Who was the first intelligent adherent of Wagner anywhere? Charles Baudelaire, who was also the first to understand Delacroix—that typical decadent in whom a whole tribe of artists recognized themselves—and perhaps he was also the last.9
What did I never forgive Wagner? That he condescended to the Germans—that he became reichsdeutsch.10
As far as Germany extends, she corrupts culture.11
6

All things considered, I could not have endured my youth without Wagner’s music. For I was condemned to Germans. If one wants to rid oneself of an unbearable pressure, one needs hashish. Well then, I needed Wagner. Wagner is the antitoxin against everything German par excellence—a toxin, a poison, that I don’t deny.
From the moment when there was a piano score of Tristan—my compliments, Herr von Bülow—I was a Wagnerian.1 Wagner’s older works I deemed beneath myself—still too vulgar, too “German.”
But to this day I am still looking for a work that equals the dangerous fascination and the gruesome2 and sweet infinity of Tristan—and look in all the arts in vain. All the strangenesses of Leonardo da Vinci emerge from their spell at the first note of Tristan. This work is emphatically Wagner’s non plus ultra; with the Meistersinger and the Ring he recuperated3 from it. Becoming healthier—is a retrogression, given a nature like Wagner’s.

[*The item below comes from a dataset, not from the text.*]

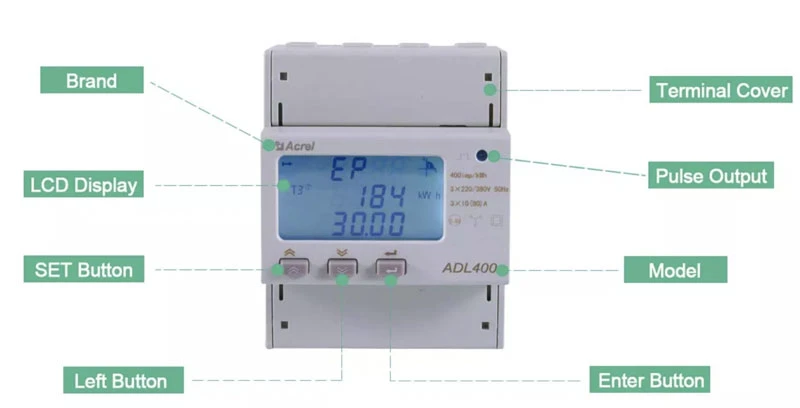 Acrel din rail three phase digital multi function smart meter Acrel din rail three phase digital multi function smart meter
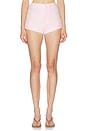 view 2 of 7 Washed Linen Micro Short in Classic Pink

I take it for a good fortune of the first order that I lived at the right time and among Germans, of all peoples, so that I was ripe for this work: that is how far the psychologist’s inquisitiveness extends in my case. The world is poor for anyone who has never been sick enough for this “voluptuousness of hell”: it is permitted, it is almost imperative, to employ a formula of the mystics at this point.

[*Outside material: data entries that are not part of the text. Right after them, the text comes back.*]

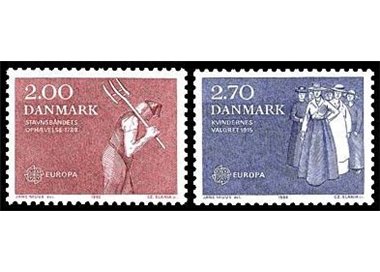 DANIMARCA 1982 Europa 2v MNH**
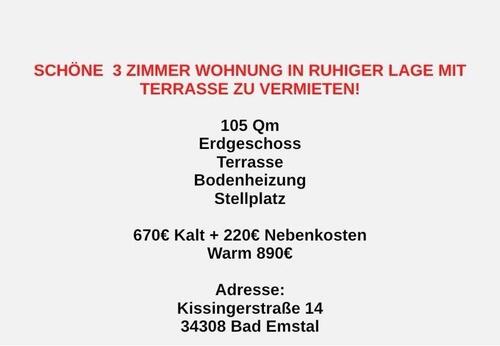 Foto - 3 Zimmer Wohnung - 890,00 EUR Kaltmiete,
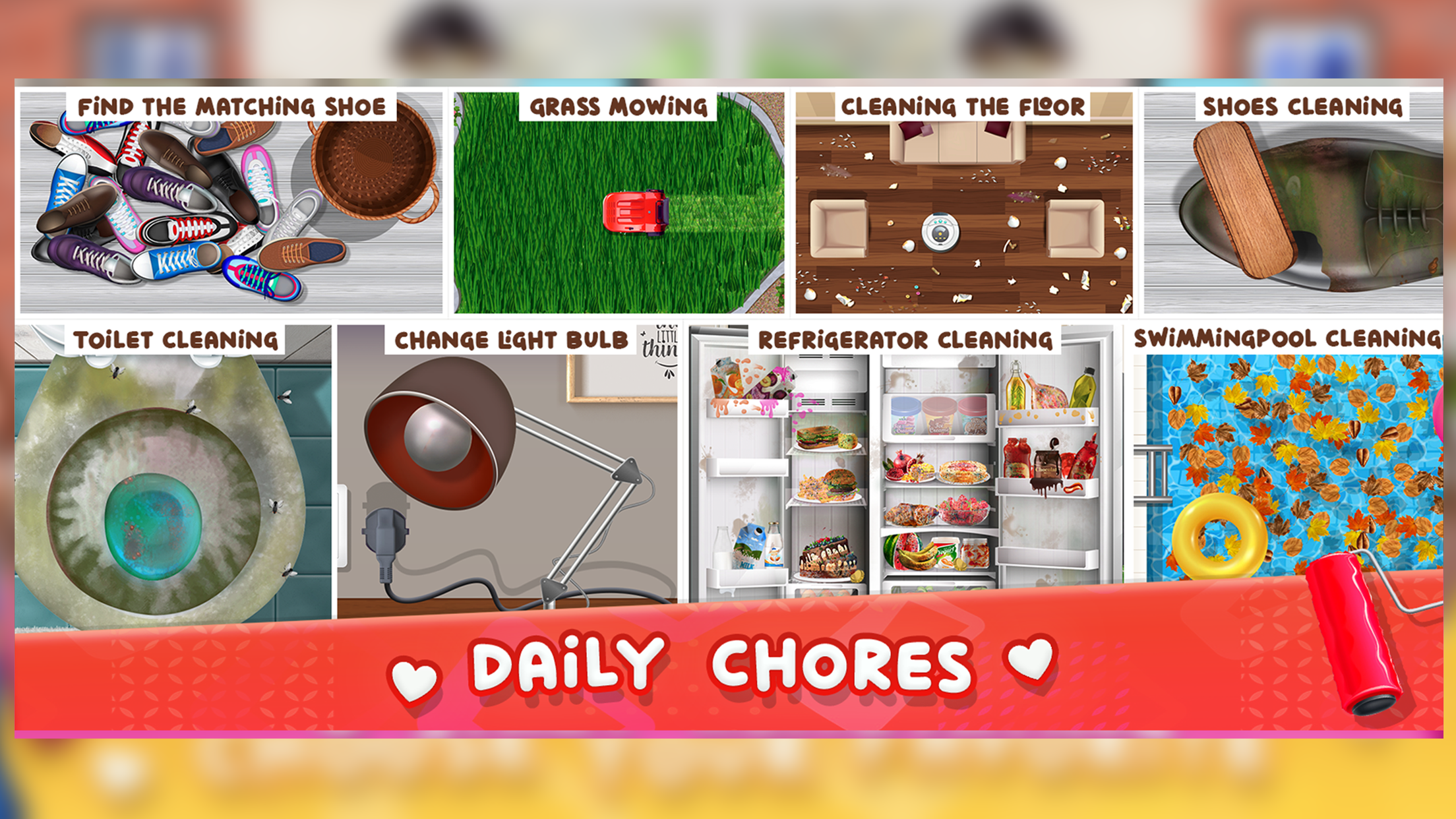 اسکرین شات 5 بازی Home Makeover Madness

I think I know better than anyone else of what tremendous things Wagner is capable—the fifty worlds of alien ecstasies for which no one besides him had wings; and given the way I am, strong enough to turn even what is most questionable and dangerous to my advantage and thus to become stronger, I call Wagner the great benefactor of my life. That in which we are related—that we have suffered more profoundly, also from each other, than men of this century are capable of suffering—will link our names again and again, eternally; and as certainly as Wagner is merely a misunderstanding among Germans, just as certainly I am and always shall be.

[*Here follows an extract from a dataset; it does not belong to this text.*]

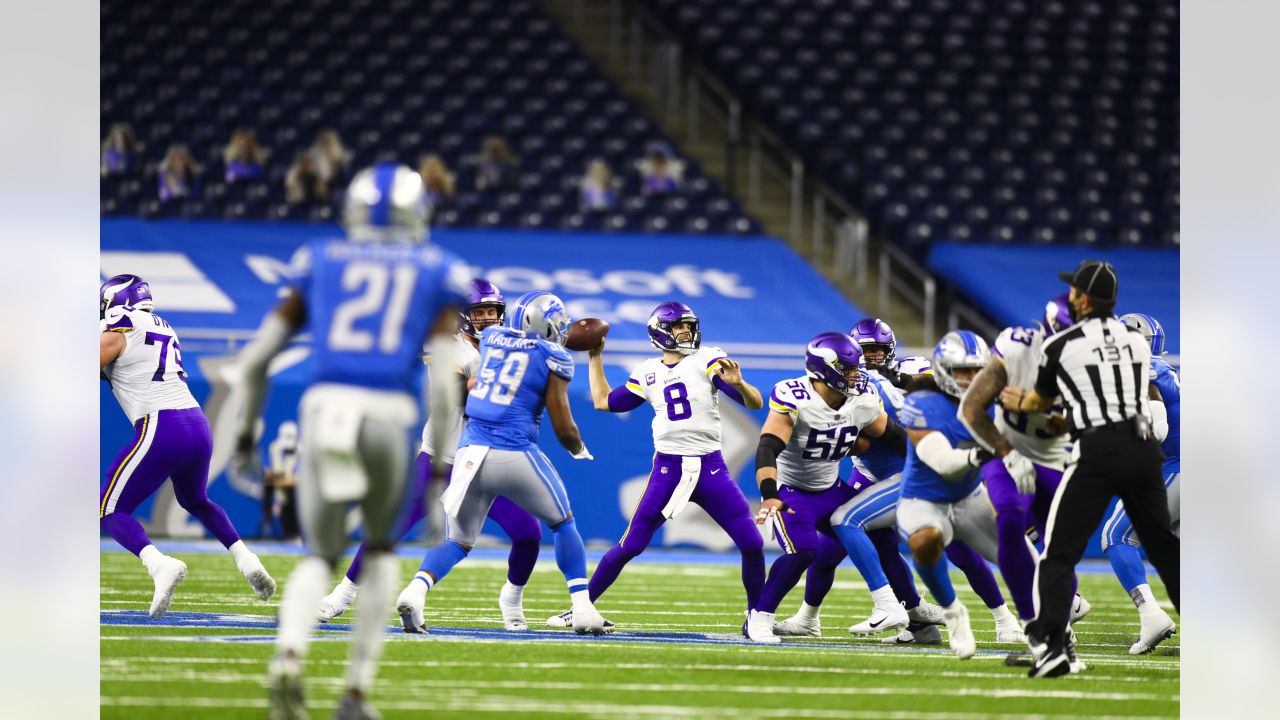 Cousins throws 3 TDs, Vikings end with 37-35 win over Lions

Two centuries of psychological and artistic discipline must come first, my dear Teutons!—But with that one does not catch up.
7

I shall say another word for the most select ears: what I really want from music. That it be cheerful and profound like an afternoon in October. That it be individual, frolicsome, tender, a sweet small woman full of beastliness and charm.
I shall never admit that a German could know what music is. Those who are called German composers—the greatest above all—are foreigners: Slavs, Croats, Italians, Dutchmen—or Jews; otherwise, Germans of the strong race, extinct Germans, like Heinrich Schütz, Bach, and Handel. I myself am still enough of a Pole to surrender the rest of music for Chopin, excepting, for three reasons, Wagner’s Siegfried Idyll, perhaps also a few things by Liszt, who surpasses all other musicians in his noble orchestral accents, and, finally, everything that grew beyond the Alps—this side.1
I should not know how to get along without Rossini; even less, without my own south in music, the music of my Venetian maestro Pietro Gasti.2 And when I say beyond the Alps, I really merely say Venice. When I seek another word for music, I always find only the word Venice. I do not know how to distinguish between tears and music—I do not know how to think of happiness, of the south, without shudders of timidity.
At the bridge I stood
lately in the brown night.
From afar came a song:
as a golden drop it welled
over the quivering surface.
Gondolas, lights, and music—
drunken it swam out into the twilight.
My soul, a stringed instrument, sang to itself, invisibly touched, a secret gondola song, quivering with iridescent happiness.—Did anyone listen to it?
8

In all these matters—in the choice of nutrition, of place and climate, of recreation—an instinct of self-preservation issues its commandments, and it gains its most unambiguous expression as an instinct of self-defense. Not to see many things, not to hear many things, not to permit many things to come close—first imperative of prudence, first proof that one is no mere accident but a necessity. The usual word for this instinct of self-defense is taste. It commands us not only to say No when Yes would be “selfless” but also to say No as rarely as possible. To detach oneself, to separate oneself from anything that would make it necessary to keep saying No. The reason in this is that when defensive expenditures, be they ever so small, become the rule and a habit, they entail an extraordinary and entirely superfluous impoverishment. Our great expenses are composed of the most frequent small ones. Warding off, not letting things come close, involves an expenditure—let nobody deceive himself about this—energy wasted on negative ends. Merely through the constant need to ward off, one can become weak enough to be unable to defend oneself any longer.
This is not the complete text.